The main outpatient waiting areas at Morriston Hospital have changed almost beyond recognition as the fight against COVID-19 continues.
Just a few months ago they would have been filled with people waiting for their appointments, to have blood taken, to be seen in the fracture clinic or treated in the plaster room.
Morriston Hospital Director Deb Lewis (right) with emergency care and hospital operations service group manager Alison Gallagher in the main outpatient waiting area
Now there are dozens of beds, and space for even more where the most critically unwell patients can be cared for if there is a surge in admissions.
Hopefully that day will never come. But the capacity is there if needed.
Morriston Hospital has already undergone significant changes since the outbreak began back in March. These include the development of a Respiratory Assessment Unit and the Children’s Emergency Unit.
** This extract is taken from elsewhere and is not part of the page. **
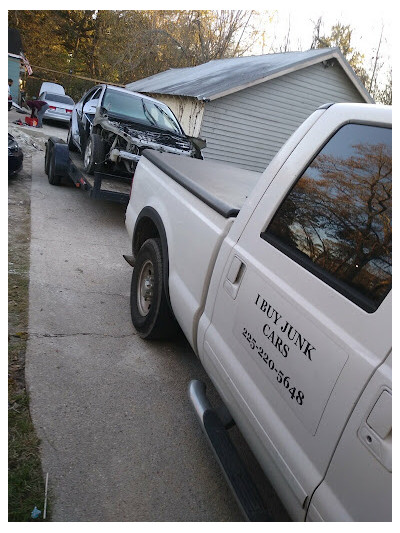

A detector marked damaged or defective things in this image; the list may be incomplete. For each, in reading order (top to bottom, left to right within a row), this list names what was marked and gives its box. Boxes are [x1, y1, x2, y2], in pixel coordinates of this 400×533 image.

damaged car on trailer [67, 84, 205, 174] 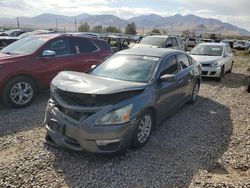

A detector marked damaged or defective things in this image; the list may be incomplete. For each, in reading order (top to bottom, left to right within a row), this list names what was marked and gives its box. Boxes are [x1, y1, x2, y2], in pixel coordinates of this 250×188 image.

damaged hood [52, 70, 147, 94]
The Emergency Department has been divided into two distinct zones, one for patients with confirmed or suspected COVID, the other without.
Now a critical care area has been unveiled in the large, open-plan waiting area in the outpatients department.
Work meanwhile continues on a self-contained second area in the second waiting area located alongside the retail outlets, while the phlebotomy department has moved upstairs.
Hospital Director Deb Lewis explained: “At the start of the pandemic crisis we were asked to increase our critical care capacity to the maximum we could do here.
“The only way we could do that was to explore open spaces we could convert because we’re very constrained onsite for space.
“We looked at the large waiting area and thought that could be converted.
“We drew up plans with capital planning colleagues and the architects, and there are now 31 beds in the main open space of the waiting area.
“Behind that we’ve repurposed the old fracture clinic and plaster room to potentially create space for a further 12 critical care beds.
“All the medical gases and clinical infrastructure needed to move into that area are now in place.”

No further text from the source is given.